Monday, July 21, 2008

Norm Cohen: Work songs and the railroad

Mon., July 14

This week we’ve been focusing on “work songs” which our first speaker of the week, Norm Cohen (author of “Long Steel Rail”), broke up into two categories: work songs (that is, songs sung during work) and occupational songs (songs about work). A lot of the early American work songs were sung while building railroads, first widely used in the 1830’s and reaching their peak use in the 1920’s; railroads changed the landscape and pace of American life. Railroads are an awfully efficient mode of transportation and despite the Truman administration’s efforts to do away with the railroad, the railroad endures. The railroad was an important part of the Union’s victory during the Civil War because they were able to ship supplies to the soldiers and bring home dead bodies; and Northerners were able to lay the railroad tracks about as quickly as the Southerners tore them down.

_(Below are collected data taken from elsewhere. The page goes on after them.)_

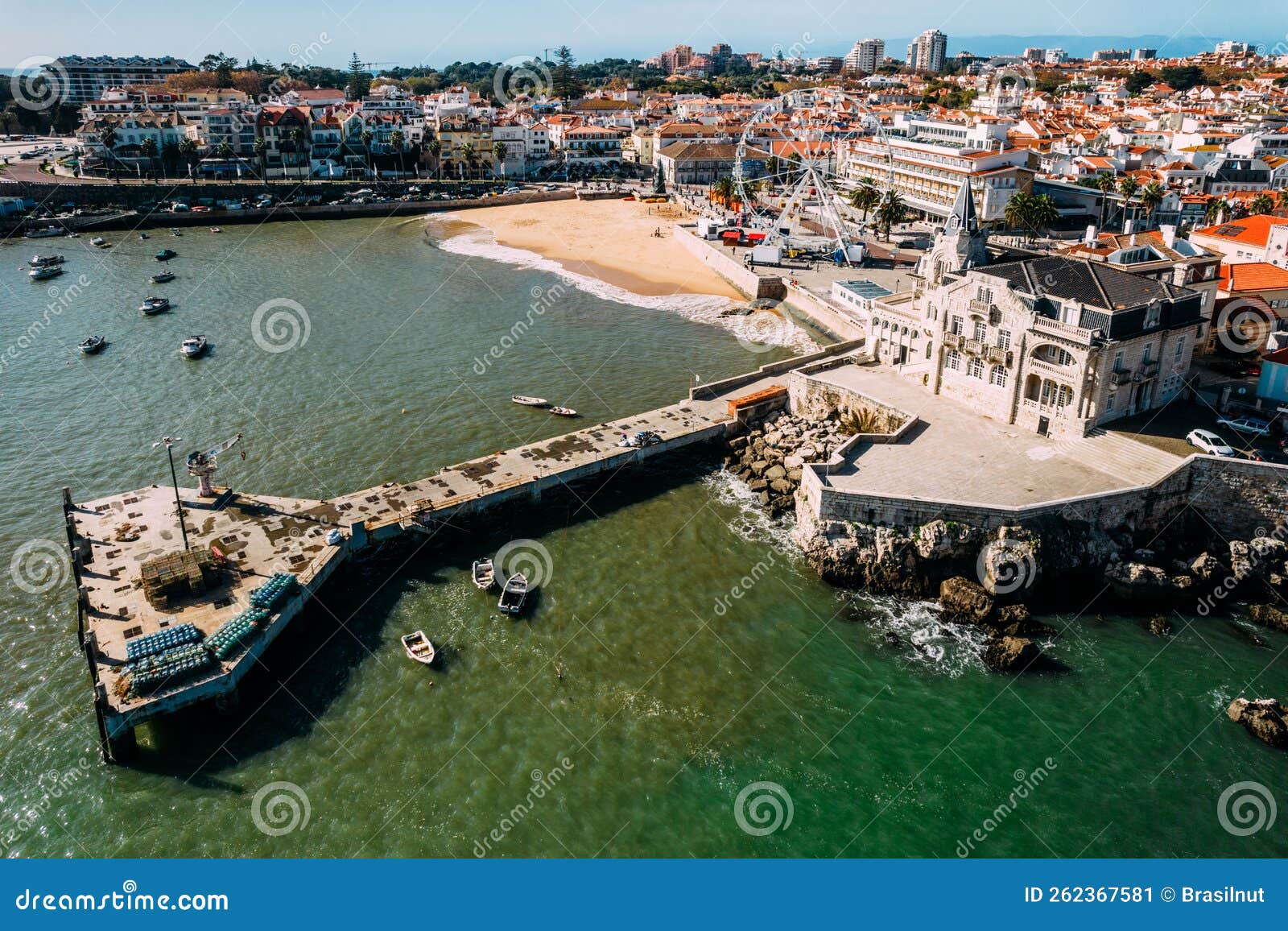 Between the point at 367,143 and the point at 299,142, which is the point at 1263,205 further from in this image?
the point at 299,142

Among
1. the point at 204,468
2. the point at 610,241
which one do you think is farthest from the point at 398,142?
the point at 204,468

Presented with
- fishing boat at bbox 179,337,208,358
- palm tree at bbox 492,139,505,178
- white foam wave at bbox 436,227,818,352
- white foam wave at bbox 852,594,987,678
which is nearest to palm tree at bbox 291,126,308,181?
palm tree at bbox 492,139,505,178

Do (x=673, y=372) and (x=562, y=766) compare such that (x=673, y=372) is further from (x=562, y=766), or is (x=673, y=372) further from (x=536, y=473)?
(x=562, y=766)

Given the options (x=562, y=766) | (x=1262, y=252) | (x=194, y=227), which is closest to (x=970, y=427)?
(x=562, y=766)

The early work songs were sung primarily by African-Americans who were sometimes incarcerated and put to work in a form of legalized slavery. These early railroad songs are documented in Alan Lomax’s video on this tradition. The new immigrants during the 19th-century, the Irish, sang occupational songs which expressed hostility toward another immigrant group—the Chinese---who also worked to lay down tracks. The Chinese were known to have a good work ethic and as a result were highly despised and resented by the Irish.

Because it represented big business, the railroad companies and the conductor who represented the authority of the railroads were vilified in popular media of the day. For example, in the song “The Lightning Express”, the rider of the railroad begs, “Please, Mr. Conductor, don’t put me off this train.”) There was actually public sympathy for the train robber Jesse James. Because of their antagonism for the railroad, the public didn’t mind Jesse James stealing from the railroad which transported money and other goods. Cohen made the distinction between hobos, tramps, and bums which I thought was kind of interesting. “Hobos” he said were migratory workers. “Tramps” were migratory non-workers. And “bums” he said were stationary non-workers.

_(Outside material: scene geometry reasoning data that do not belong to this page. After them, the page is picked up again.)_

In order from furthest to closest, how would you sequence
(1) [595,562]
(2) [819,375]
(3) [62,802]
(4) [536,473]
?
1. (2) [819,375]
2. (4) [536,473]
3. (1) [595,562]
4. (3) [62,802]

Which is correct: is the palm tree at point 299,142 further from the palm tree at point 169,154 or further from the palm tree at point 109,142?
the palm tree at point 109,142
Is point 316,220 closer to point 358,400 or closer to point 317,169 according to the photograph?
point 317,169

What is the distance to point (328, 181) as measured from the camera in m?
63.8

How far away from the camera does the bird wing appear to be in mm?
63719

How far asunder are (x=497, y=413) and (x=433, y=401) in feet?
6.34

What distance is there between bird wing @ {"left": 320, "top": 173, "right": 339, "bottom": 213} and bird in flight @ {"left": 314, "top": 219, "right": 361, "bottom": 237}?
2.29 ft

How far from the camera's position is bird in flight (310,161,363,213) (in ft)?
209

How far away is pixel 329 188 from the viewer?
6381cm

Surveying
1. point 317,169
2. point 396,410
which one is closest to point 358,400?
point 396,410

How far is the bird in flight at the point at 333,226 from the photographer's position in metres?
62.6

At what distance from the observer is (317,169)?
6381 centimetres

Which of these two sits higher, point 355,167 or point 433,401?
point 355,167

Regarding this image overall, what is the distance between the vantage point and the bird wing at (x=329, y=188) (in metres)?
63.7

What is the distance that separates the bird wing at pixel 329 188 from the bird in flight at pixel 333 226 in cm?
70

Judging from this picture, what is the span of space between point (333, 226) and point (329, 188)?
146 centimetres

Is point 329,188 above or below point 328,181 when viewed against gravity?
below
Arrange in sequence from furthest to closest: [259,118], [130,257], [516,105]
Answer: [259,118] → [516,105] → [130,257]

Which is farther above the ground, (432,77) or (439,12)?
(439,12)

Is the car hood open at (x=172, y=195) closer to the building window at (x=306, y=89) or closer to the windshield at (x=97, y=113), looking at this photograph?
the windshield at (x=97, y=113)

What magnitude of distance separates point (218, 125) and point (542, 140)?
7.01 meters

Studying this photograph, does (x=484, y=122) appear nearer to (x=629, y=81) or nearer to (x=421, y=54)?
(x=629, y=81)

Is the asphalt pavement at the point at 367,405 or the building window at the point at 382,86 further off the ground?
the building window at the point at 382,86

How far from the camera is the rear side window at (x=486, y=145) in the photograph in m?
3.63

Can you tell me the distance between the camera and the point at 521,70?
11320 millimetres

The song “Casey Jones” tells the story of a famous train wreck in the 1920’s where a couple of the cars on a train came loose and another train, going way past the speed limit, did not see it in time.

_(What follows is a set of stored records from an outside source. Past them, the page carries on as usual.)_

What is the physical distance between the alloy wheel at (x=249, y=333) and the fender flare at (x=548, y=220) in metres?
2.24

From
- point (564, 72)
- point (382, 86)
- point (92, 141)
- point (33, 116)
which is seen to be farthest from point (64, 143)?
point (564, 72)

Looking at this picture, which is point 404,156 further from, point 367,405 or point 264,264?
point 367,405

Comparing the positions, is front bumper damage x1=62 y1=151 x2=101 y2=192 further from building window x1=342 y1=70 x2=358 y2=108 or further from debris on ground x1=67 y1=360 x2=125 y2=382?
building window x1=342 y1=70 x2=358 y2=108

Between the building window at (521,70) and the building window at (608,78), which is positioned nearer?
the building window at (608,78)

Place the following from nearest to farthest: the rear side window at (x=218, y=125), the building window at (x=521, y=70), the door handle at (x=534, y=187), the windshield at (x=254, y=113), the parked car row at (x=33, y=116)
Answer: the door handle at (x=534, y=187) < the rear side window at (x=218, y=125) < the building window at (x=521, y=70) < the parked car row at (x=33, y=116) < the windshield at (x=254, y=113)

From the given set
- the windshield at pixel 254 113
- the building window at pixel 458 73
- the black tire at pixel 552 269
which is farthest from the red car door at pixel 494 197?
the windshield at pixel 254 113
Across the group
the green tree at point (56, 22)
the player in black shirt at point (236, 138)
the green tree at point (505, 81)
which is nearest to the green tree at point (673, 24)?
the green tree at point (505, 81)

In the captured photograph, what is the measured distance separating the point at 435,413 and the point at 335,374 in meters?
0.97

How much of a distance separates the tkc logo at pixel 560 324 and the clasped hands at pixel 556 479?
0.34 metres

Another great song is “John Henry” which goes “Johnny going to be a steel driving man”. This song speaks of the dignity of labor and of the replacement of man with technology. There is a wealth of educational material on the figure of John Henry with a Caldecott award winning book entitled “John Henry”, a video narrated by Denzel Washington, a book entitled “Ain’t Nothing but a Man: My Quest to Find the Real John Henry”, and “Tall Tales”, an animated movies with Patrick Swayze.